France and Germany push for fast-track subsidies after US row
French and German economy ministers are urging European Union regulators to let them fast-track subsidies for "key industrial sectors" as they push for more support to companies after a row over a massive U.S. green support package.
France's Economy and Finance Minister Bruno Le Maire and Germany's Economy Minister Robert Habeck said in a joint statement that they wanted "targeted subsidies and tax credits" for industry via umbrella state aid programs that wouldn't require lengthy checks from the European Commission.
The two ministers are also planning to travel to Washington in early January with Commission officials to discuss the consequences of the U.S. Inflation Reduction Act, the French and German officials told reporters at a briefing.
Their statement is the latest pressure from France and Germany against EU subsidy rules they see as too restrictive when they want to support companies hit hard by soaring energy costs. European industry has complained that U.S. subsidies were the last straw in making European-made goods less competitive with global rivals.

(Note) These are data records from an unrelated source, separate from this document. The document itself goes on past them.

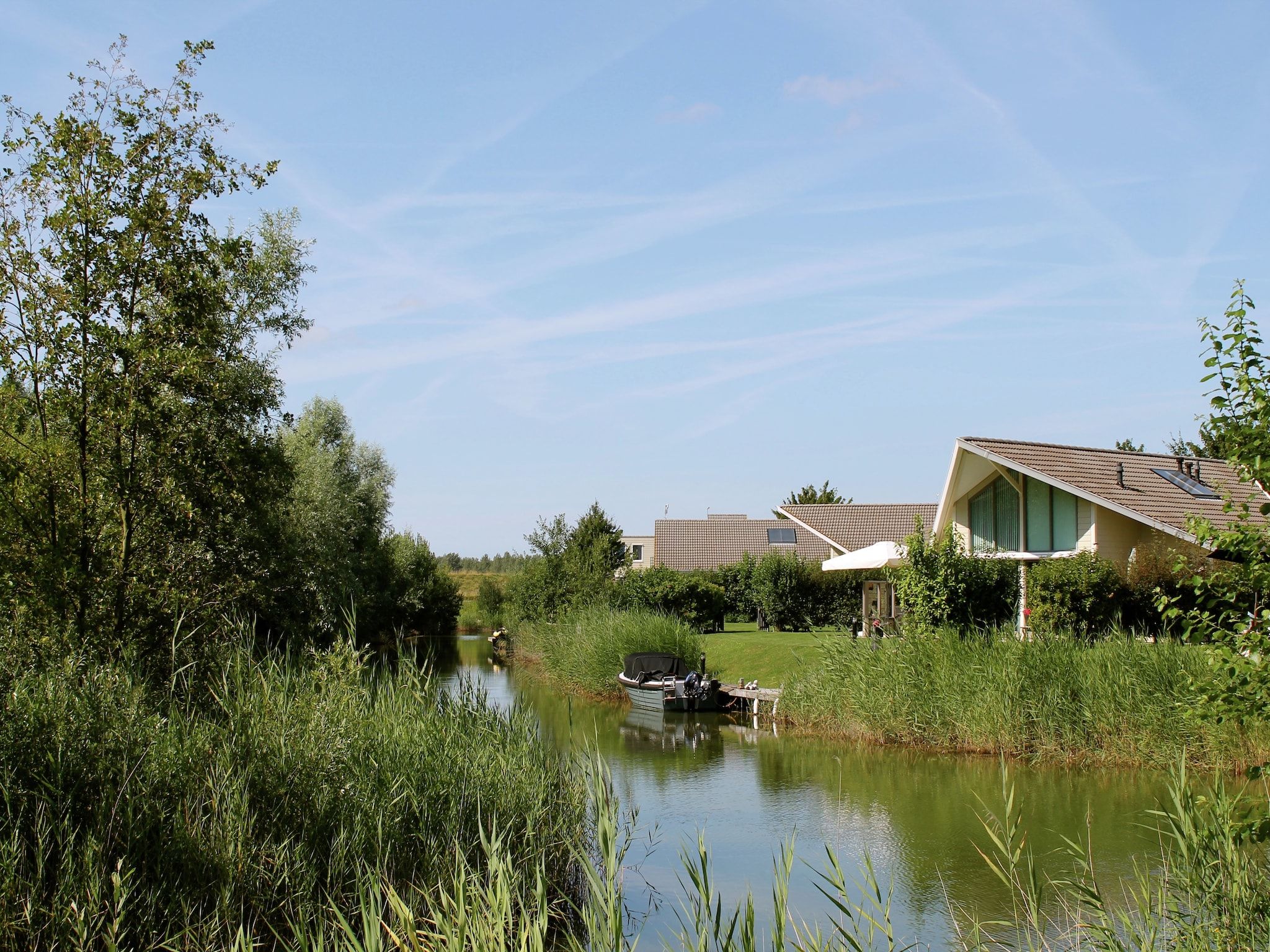 De buitenkant van Villapark de Paardekreek 3 in Kortgene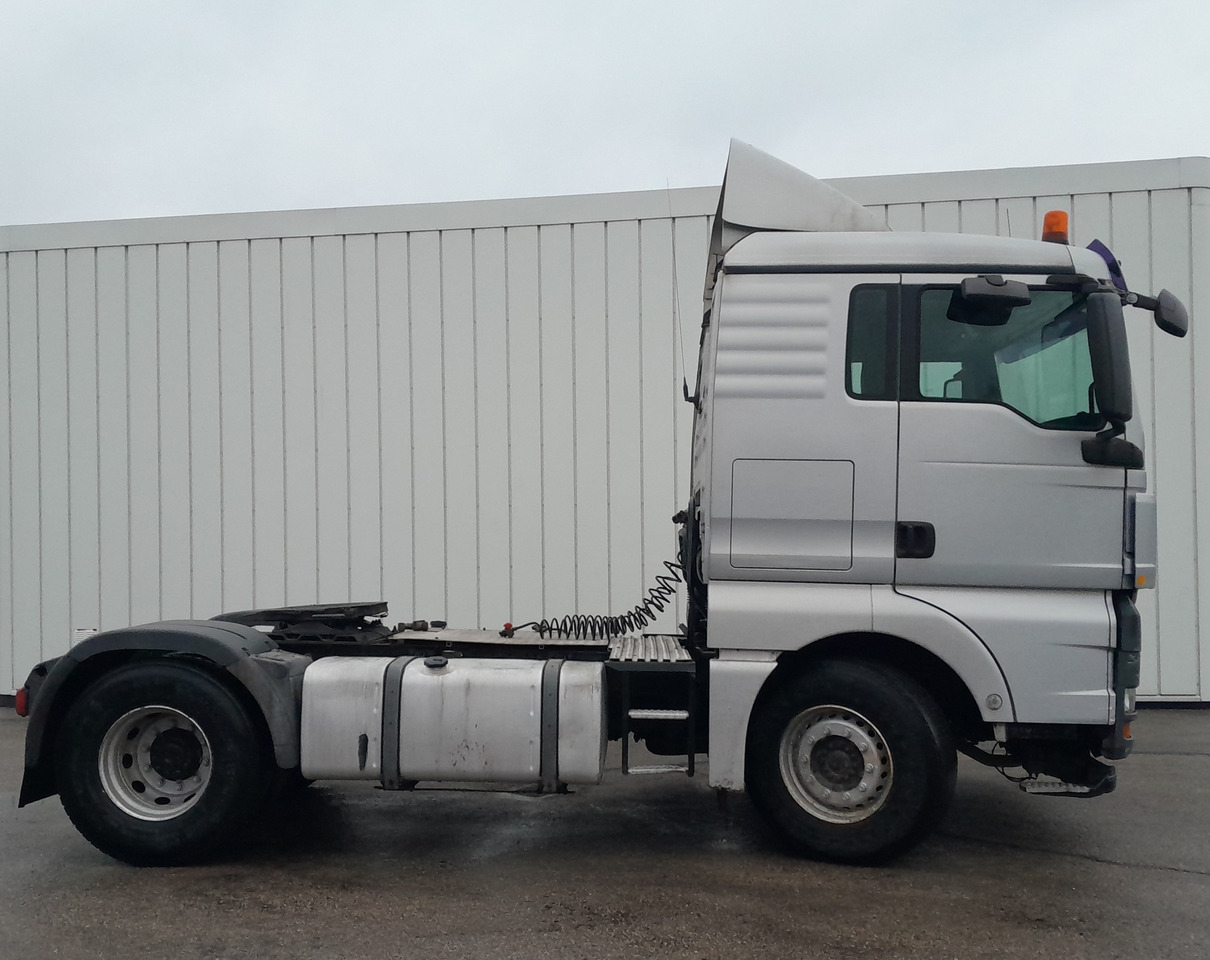 MAN TGX 18.440 - Tractor head: gambar 1 MAN TGX 18.440 - Tractor head: gambar 1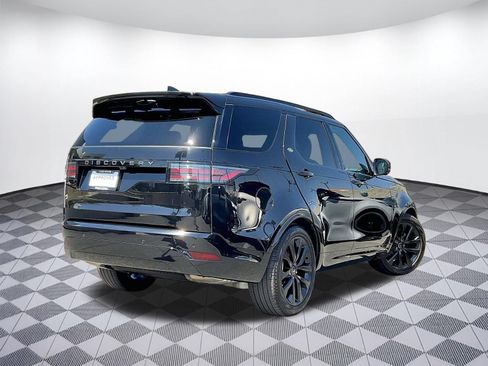 Used 2024 Land Rover Discovery Dynamic SE AWD/4WD image 12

The French and German statement calls for criteria on what aid could be approved in advance and for "general national support" programs. The Commission currently operates by requiring governments to ask permission before granting most aid to companies.
Officials wouldn't give details on whether they wanted aid to be disbursed without a Commission decision, saying it would be up to the Commission to make proposals.
The Commission last week asked governments for comments on another change to crisis state aid rules which have already allowed EU member countries to spend billions of euros to help economies hit by the effect of Russia's invasion of Ukraine on energy prices.
Le Maire and Habeck also called on the EU and the U.S. to agree on "mutual recognition of standards and access to subsidy" programs and to discuss this at a 2023 meeting of the EU-U.S. Trade and Technology Council. They also repeated a call for Washington to open up its planned subsidies to European companies.